(Records from a data source)
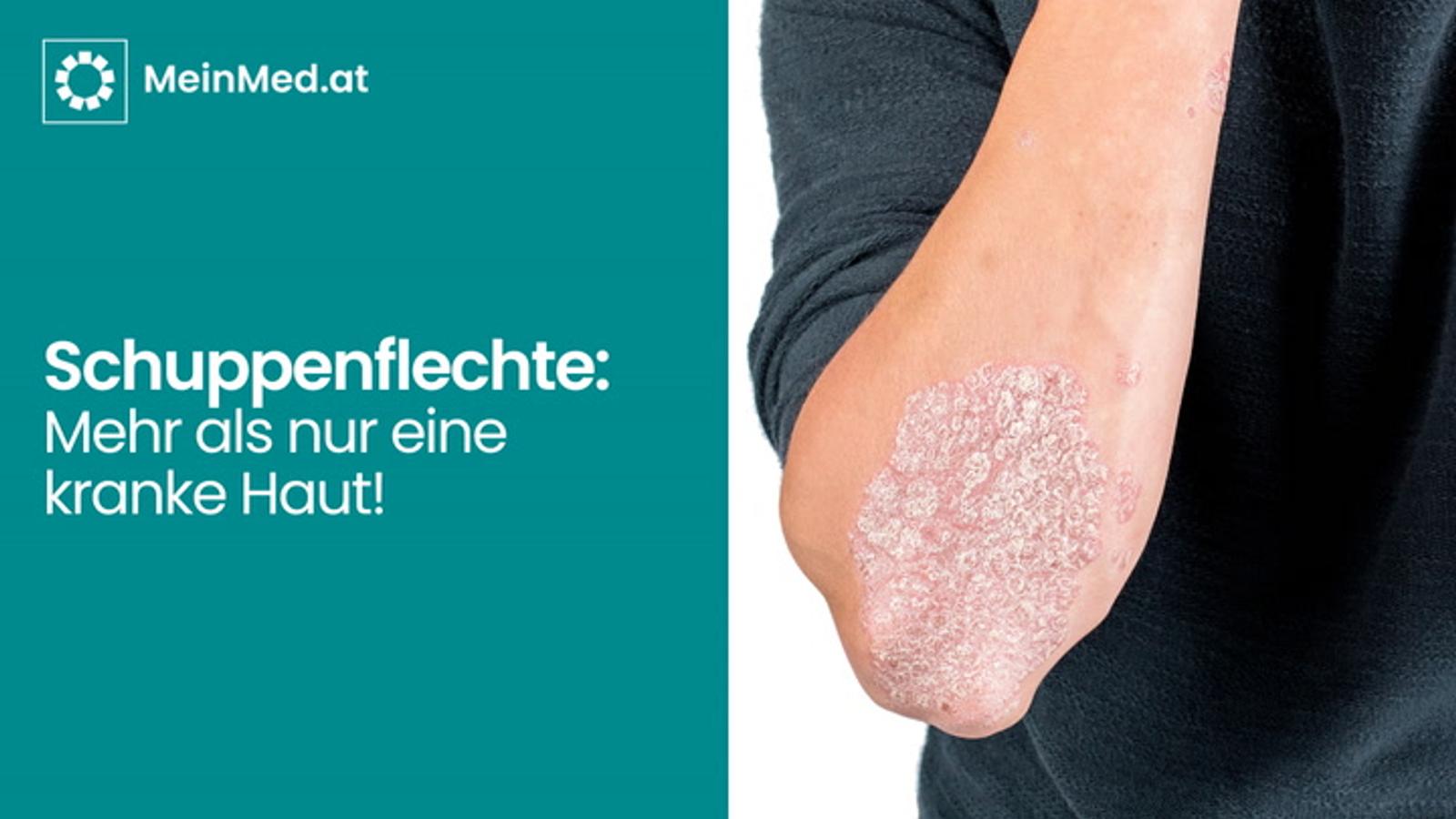 Schuppenflechte – mehr als nur eine kranke HAUT!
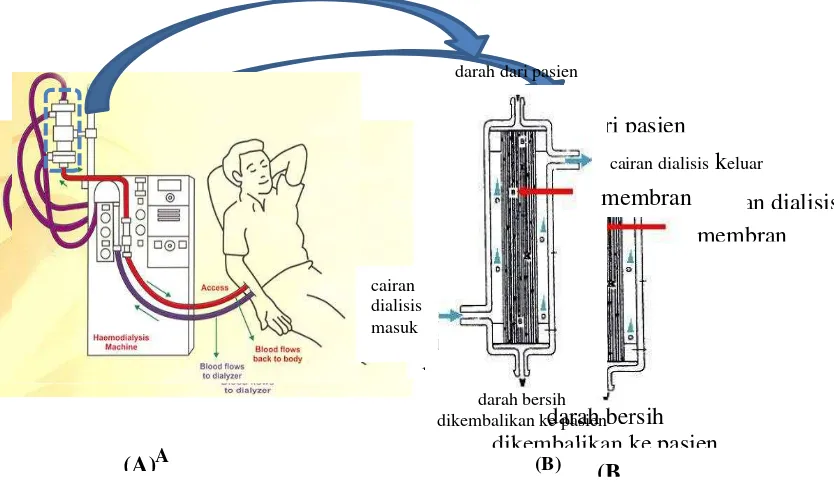 Gambar 1.3. (a). Pemurnian darah secara dialisis menggunakan mesin ginjal buatan  (sumber: www.ustudy.in) (b)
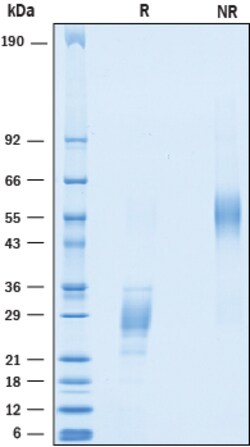 R&D Systems&trade;&nbsp;Recombinant Human ICOS (aa 21-140) His-tag Protein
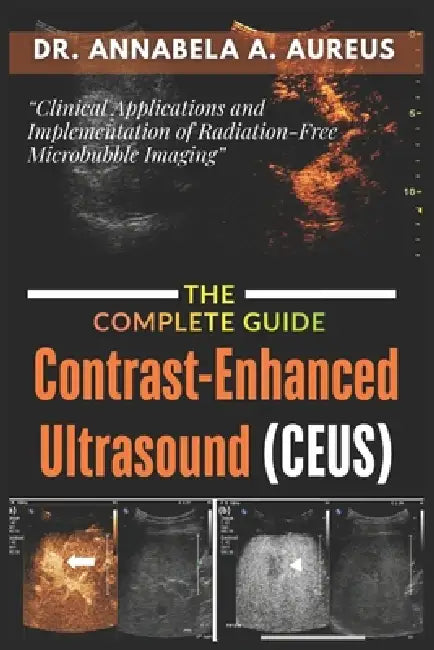 Contrast-Enhanced Ultrasound (CEUS): The Complete Guide: Clinical Applications and Implementation of Radiation-Free Microbubble Imaging by Annabela A. Aureus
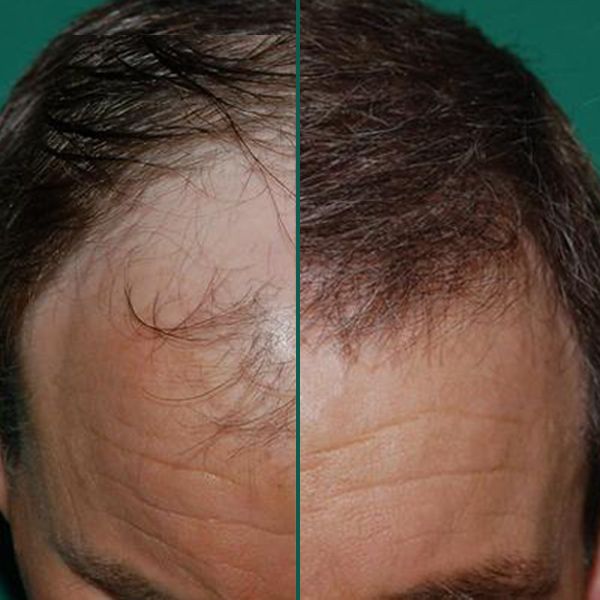 Hairline before and after surgery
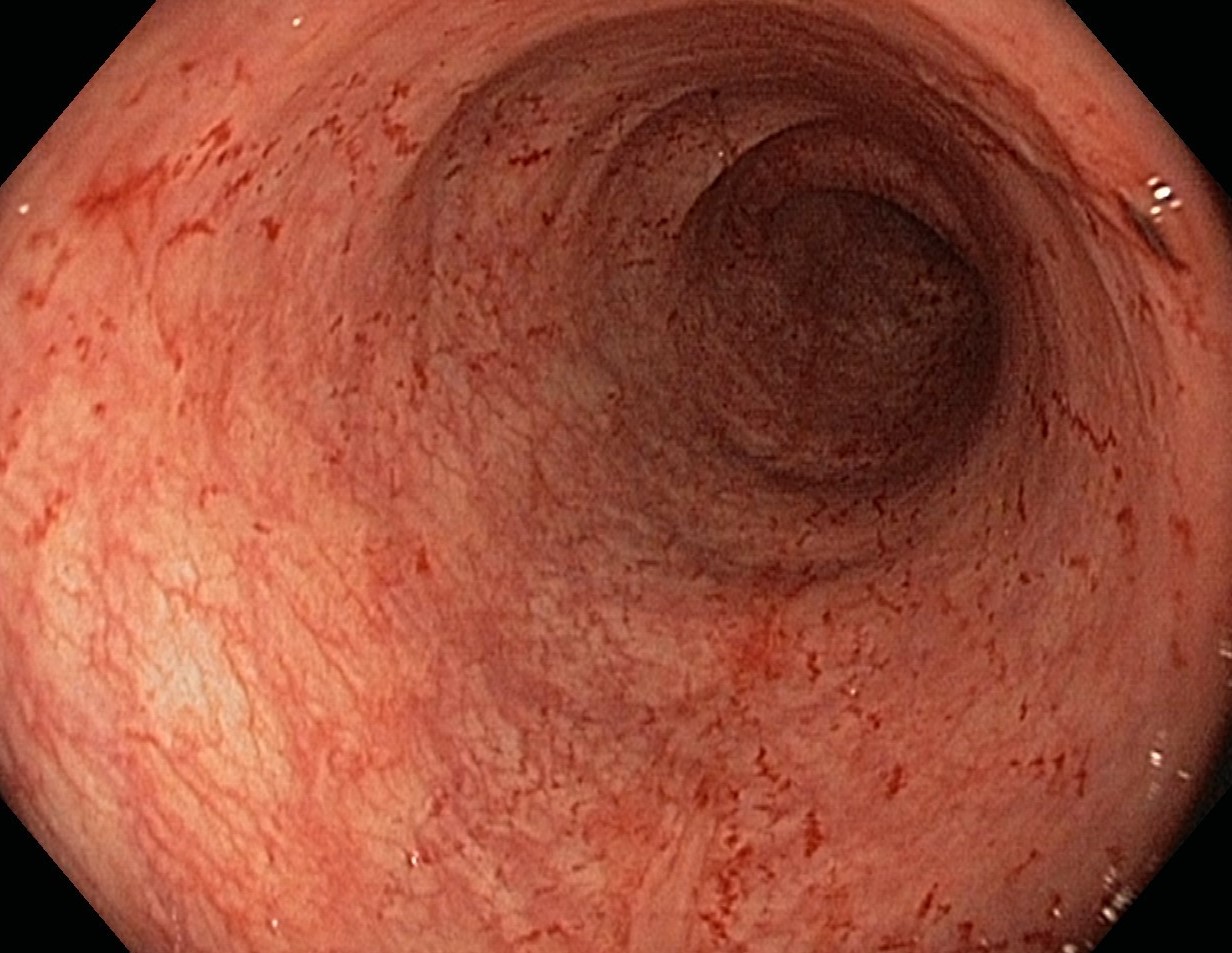 DIVERSION COLITIS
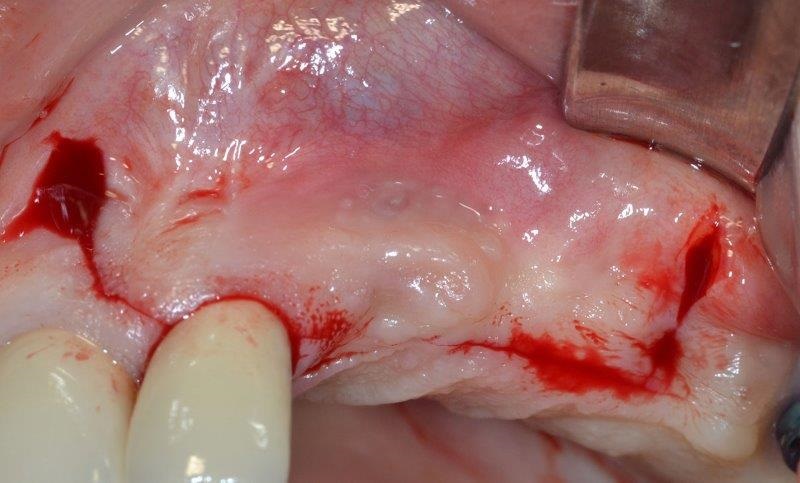 Ultrasonic Cavitation and Peri-Implantitis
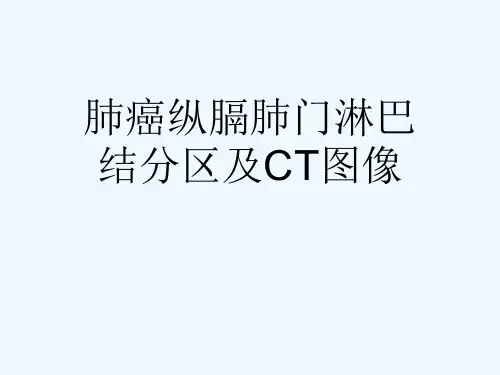 肺癌纵膈肺门淋巴结分区及CT图像[可修改版ppt]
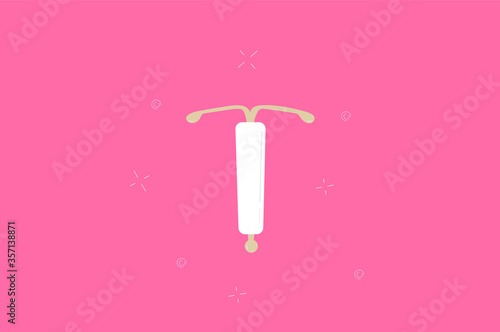 Vector illustration of IUD contraception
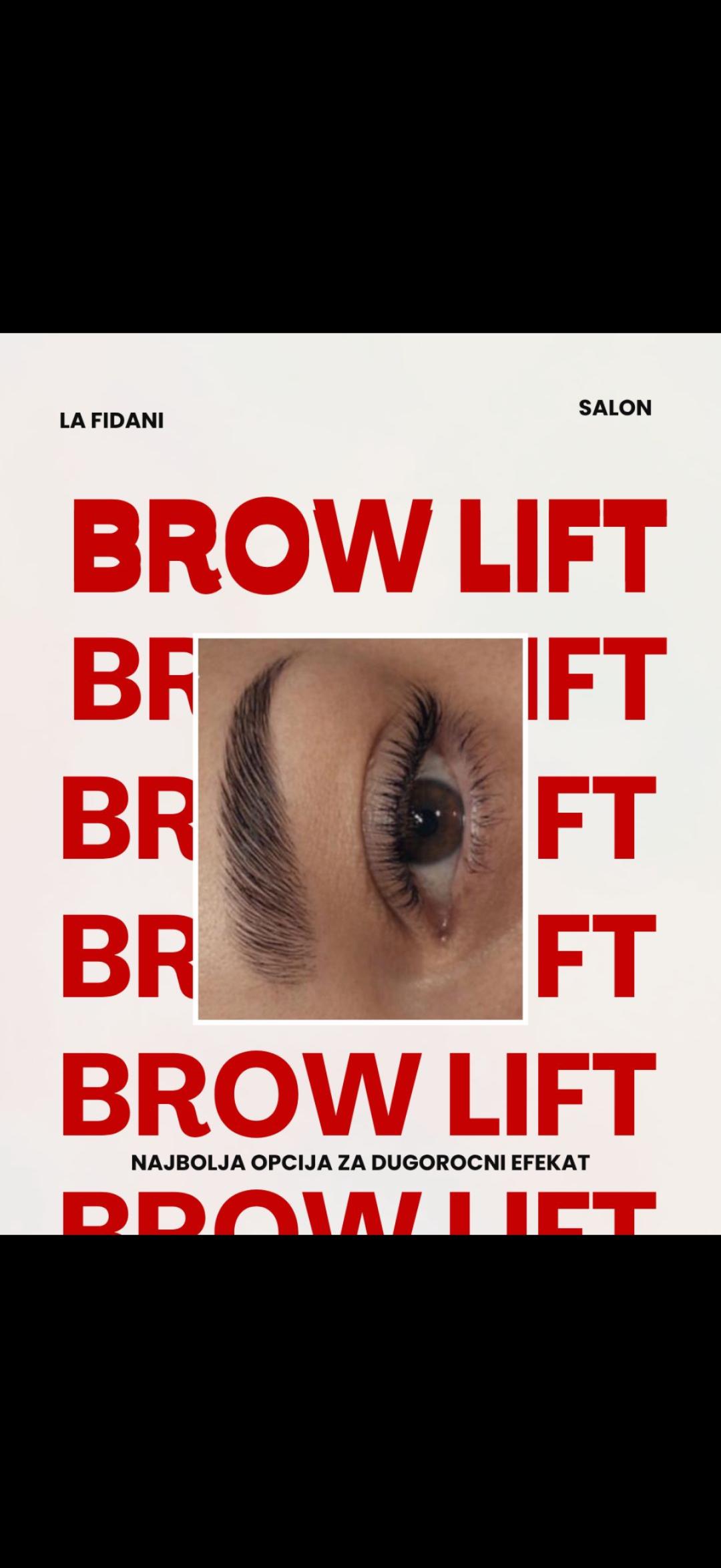 Brow lift - La Fidani, Niš Obrve Lice Obrve, Niš, Pantelej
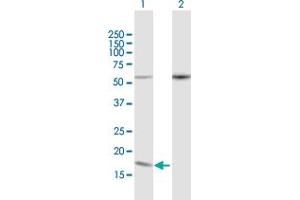 Western Blot analysis of PDCD5 expression in transfected 293T cell line by PDCD5 MaxPab polyclonal antibody. (PDCD5 Antikörper  (AA 1-125))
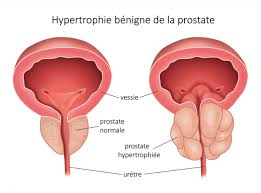 Comment Eviter la Prostate Remède naturel Les-différentes-techniques-de-prostatectomie toucher_rectal cancer-prostate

**WHAT THE TASK ASKS**
The records above are to be copied exactly, with no pictures carried over.

**SOLUTION**
 Schuppenflechte – mehr als nur eine kranke HAUT!
 Gambar 1.3. (a). Pemurnian darah secara dialisis menggunakan mesin ginjal buatan  (sumber: www.ustudy.in) (b)
 R&D Systems&trade;&nbsp;Recombinant Human ICOS (aa 21-140) His-tag Protein
 Contrast-Enhanced Ultrasound (CEUS): The Complete Guide: Clinical Applications and Implementation of Radiation-Free Microbubble Imaging by Annabela A. Aureus
 Hairline before and after surgery
 DIVERSION COLITIS
 Ultrasonic Cavitation and Peri-Implantitis
 肺癌纵膈肺门淋巴结分区及CT图像[可修改版ppt]
 Vector illustration of IUD contraception
 Brow lift - La Fidani, Niš Obrve Lice Obrve, Niš, Pantelej
 Western Blot analysis of PDCD5 expression in transfected 293T cell line by PDCD5 MaxPab polyclonal antibody. (PDCD5 Antikörper  (AA 1-125))
 Comment Eviter la Prostate Remède naturel Les-différentes-techniques-de-prostatectomie toucher_rectal cancer-prostate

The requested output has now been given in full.